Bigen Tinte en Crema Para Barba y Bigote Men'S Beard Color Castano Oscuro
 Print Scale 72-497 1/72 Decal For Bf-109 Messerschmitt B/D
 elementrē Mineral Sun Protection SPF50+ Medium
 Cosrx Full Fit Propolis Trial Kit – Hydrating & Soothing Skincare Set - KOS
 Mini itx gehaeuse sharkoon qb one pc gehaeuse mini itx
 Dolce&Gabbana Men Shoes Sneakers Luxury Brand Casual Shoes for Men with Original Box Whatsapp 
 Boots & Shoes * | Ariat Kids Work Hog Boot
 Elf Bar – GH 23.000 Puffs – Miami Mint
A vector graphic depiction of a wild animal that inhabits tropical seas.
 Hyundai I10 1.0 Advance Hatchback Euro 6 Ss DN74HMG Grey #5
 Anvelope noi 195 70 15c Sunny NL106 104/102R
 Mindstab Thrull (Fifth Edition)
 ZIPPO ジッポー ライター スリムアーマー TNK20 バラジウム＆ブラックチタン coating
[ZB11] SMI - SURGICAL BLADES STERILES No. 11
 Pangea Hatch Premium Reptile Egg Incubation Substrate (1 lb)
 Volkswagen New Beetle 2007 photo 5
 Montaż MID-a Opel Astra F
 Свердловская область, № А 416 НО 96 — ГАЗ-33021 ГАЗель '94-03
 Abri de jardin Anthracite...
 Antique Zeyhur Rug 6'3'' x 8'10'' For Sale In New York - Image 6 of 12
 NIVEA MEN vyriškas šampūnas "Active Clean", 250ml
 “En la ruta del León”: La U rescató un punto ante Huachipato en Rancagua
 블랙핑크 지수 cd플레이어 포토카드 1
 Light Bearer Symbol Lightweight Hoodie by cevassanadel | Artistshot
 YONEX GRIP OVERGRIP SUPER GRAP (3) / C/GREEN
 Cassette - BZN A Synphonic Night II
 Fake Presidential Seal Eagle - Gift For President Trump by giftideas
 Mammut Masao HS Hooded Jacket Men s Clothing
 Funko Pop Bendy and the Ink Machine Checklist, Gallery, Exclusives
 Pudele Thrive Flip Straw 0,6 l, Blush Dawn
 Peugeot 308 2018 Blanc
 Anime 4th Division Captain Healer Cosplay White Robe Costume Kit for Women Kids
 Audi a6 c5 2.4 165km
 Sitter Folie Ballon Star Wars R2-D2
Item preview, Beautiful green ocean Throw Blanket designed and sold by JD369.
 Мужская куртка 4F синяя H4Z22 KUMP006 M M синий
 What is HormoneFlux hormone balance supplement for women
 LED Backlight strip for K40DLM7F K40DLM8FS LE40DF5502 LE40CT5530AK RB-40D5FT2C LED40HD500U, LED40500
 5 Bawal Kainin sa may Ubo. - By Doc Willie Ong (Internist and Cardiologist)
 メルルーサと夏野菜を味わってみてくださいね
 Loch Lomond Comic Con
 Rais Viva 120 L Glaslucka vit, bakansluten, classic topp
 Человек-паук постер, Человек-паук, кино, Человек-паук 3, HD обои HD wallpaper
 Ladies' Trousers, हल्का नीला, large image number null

------------------------------------------------------------------------

Task instructions: The required answer is the exact run of lines above starting at the line with "What is HormoneFlux" and ending at the line with "Loch Lomond Comic Con", with both ends present.

Response area:
 What is HormoneFlux hormone balance supplement for women
 LED Backlight strip for K40DLM7F K40DLM8FS LE40DF5502 LE40CT5530AK RB-40D5FT2C LED40HD500U, LED40500
 5 Bawal Kainin sa may Ubo. - By Doc Willie Ong (Internist and Cardiologist)
 メルルーサと夏野菜を味わってみてくださいね
 Loch Lomond Comic Con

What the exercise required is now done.